In today’s Nigeria, the level of fraud has reached epidemic proportions. It has infiltrated every element of our lives to the point where a three-year-old child talks about yahoo mail or 419, a recently discovered term for advanced free fraud that is ravaging our banking system.

Nigeria, with all of her natural and human riches, is on the verge of collapse due to fraud. Much of what we do is “cutting leaves” rather than addressing the underlying cause.

In general, deceit stems from the human heart. It is an aphorism that the heart is the most deceptive and evil of all. Fraud is the number one enemy of business; no company is immune, and it exists in all walks of life.
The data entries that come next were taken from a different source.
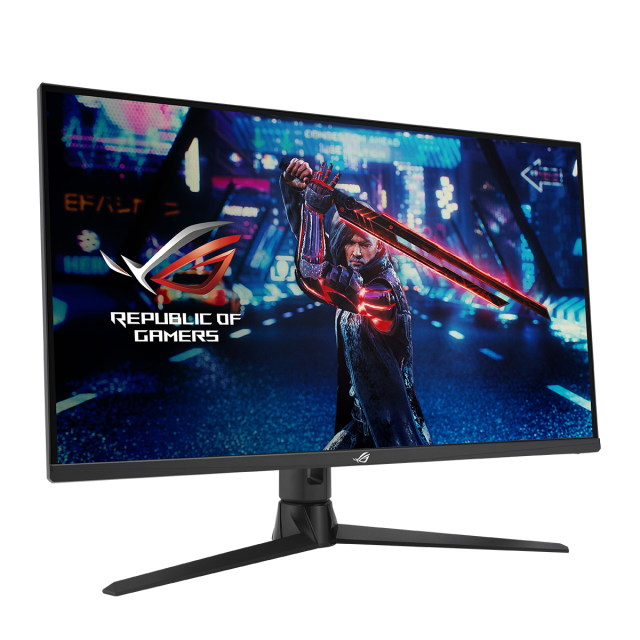 Монитор ASUS ROG Strix XG32AQ Gaming, 32" (81.28 cm) Fast IPS WQHD, 175Hz, 1 ms, HDR 600a, G-SYNC Compatible, FreeSync Premium Pro, HDMI, DP, USB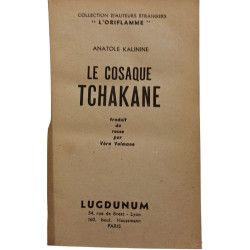 Le Cosaque Tchakane - collection l'oriflamme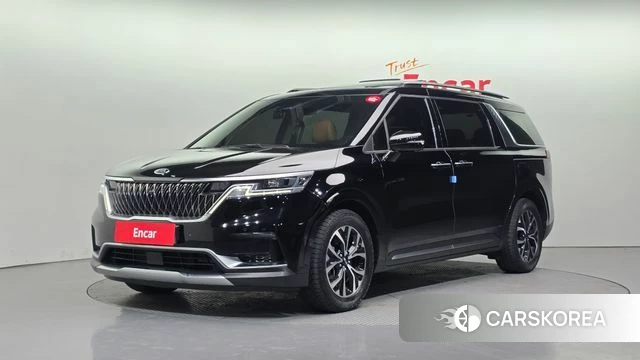 Kia Carnival 4th generation 2021 Черный из Кореи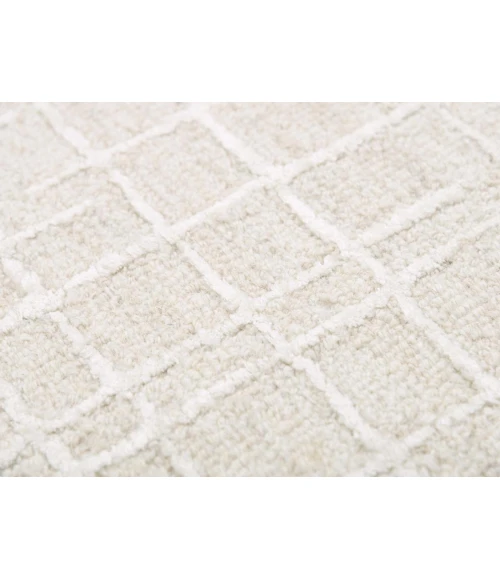 Rugs Town Classic Light Beige 021103 8 ft. 9 in. X 11 ft. 9 in. Rectangle Rug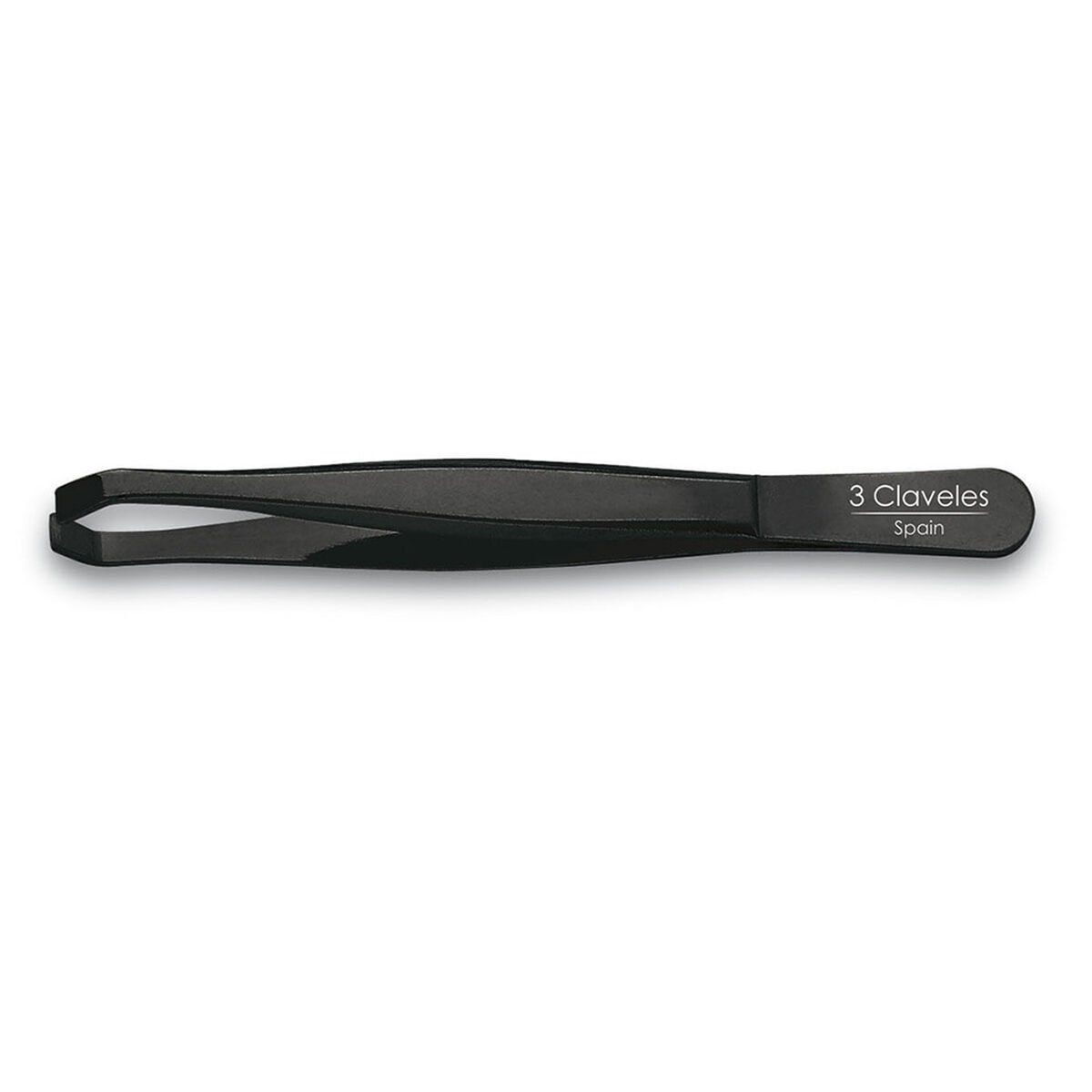 Pinzas para Depilar 3 Claveles Negro Cangrejo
Nwankwo, Nwankwo (1991).

The fear is now widespread that the increasing wave of fraud in financial institutions in recent years, if not arrested, may pose certain threats to the stability and survival of individual financial institutions,

as well as the performance of the industry as a whole, and that no sector of the economy is immune from fraudsters, including the banking system. Fraud, if not detected, has the potential to precipitate a run on the banking industry.

The existence of financial intermediaries takes care of the sizes of funds that exist in the economy. Financial intermediaries are financial institutions that act as a bridge between the surplus sector of the economy (households) and the deficit sector of the economy (government, business enterprises)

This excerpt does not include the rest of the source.